As the full tragedy of the Haiti earthquake and its aftermath emerges, there will be many very painful lessons to be learned. Why were so many key public buildings so vulnerable? Why weren’t there sufficient stockpiles of food, bottled water, sterile bandages, antibiotics, painkillers? Nor enough fuel for generators, transport and heavy lifting equipment? Why so little public education about what to do? Why was there such an apparent lack of contingency planning?
One underlying problem is that Haiti is such a poor country with a relatively fragile infrastructure at the best of times. The government can’t afford all the stockpiling, set-aside and duplication needed for really robust resilience.
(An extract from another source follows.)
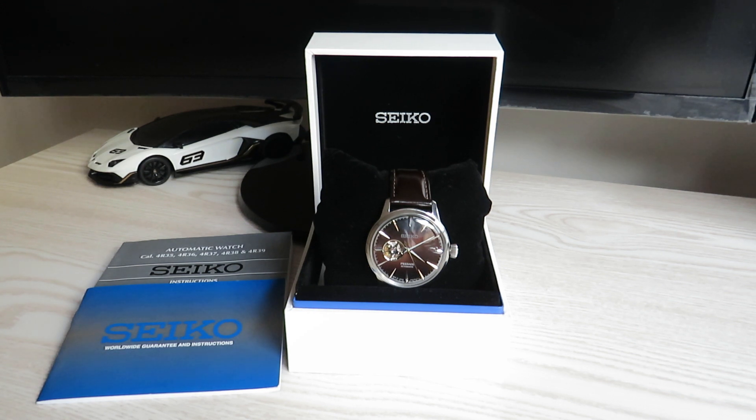This watch from Seiko will most likely help you fulfill those purposes. It's a beautiful dress watch, very well made and presented — it absolutely speaks quality, at least for the price you're expected to pay, which is 750 Australian dollars retail, and that's before any possible discounts you should be able to get.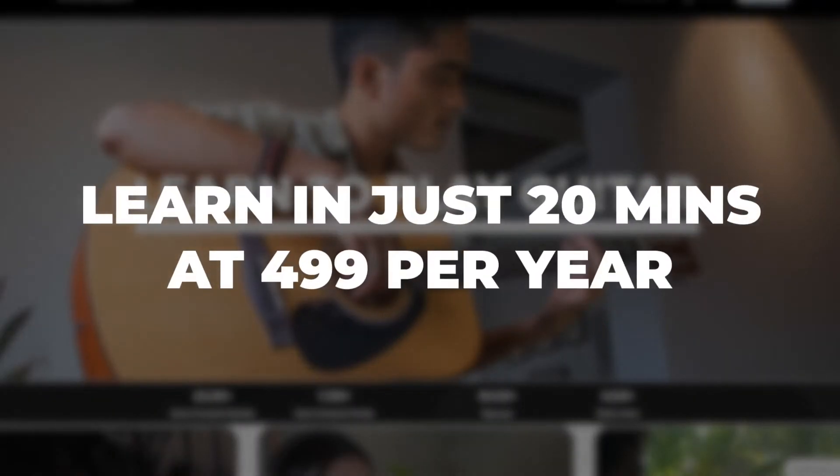Great job, you've learned two chords! Stay tuned for the next episode to find out which song you can play with these two chords. If you're excited to learn more, sign up now on crack.ai and learn your first song in 20 minutes. Stay tuned for the next episode and I'll see you then.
Another problem is the chronic underinvestment in its health service – hospitals, health centres and preventive programmes.
The massive inpouring of aid and expertise will help to get Haiti back on its feet in the coming days, weeks and months – although the shadow of suffering will remain for generations. Hope for the people must come in the knowledge that, as the rawness of this tragedy slowly fades, there could arise from the rubble a new stronger Haiti. An opportunity to rebuild the nation’s communities, public services, government and economy.
An essential part of this renaissance must be Haiti’s health system. The global health community will do what it can to help in this new beginning. We at the UK Faculty of Public Health, directly and through our members, will willingly work with the people of Haiti, its public health leaders, its government and international agencies, to help develop a more robust and resilient public health system and more effective public health programmes in the years ahead.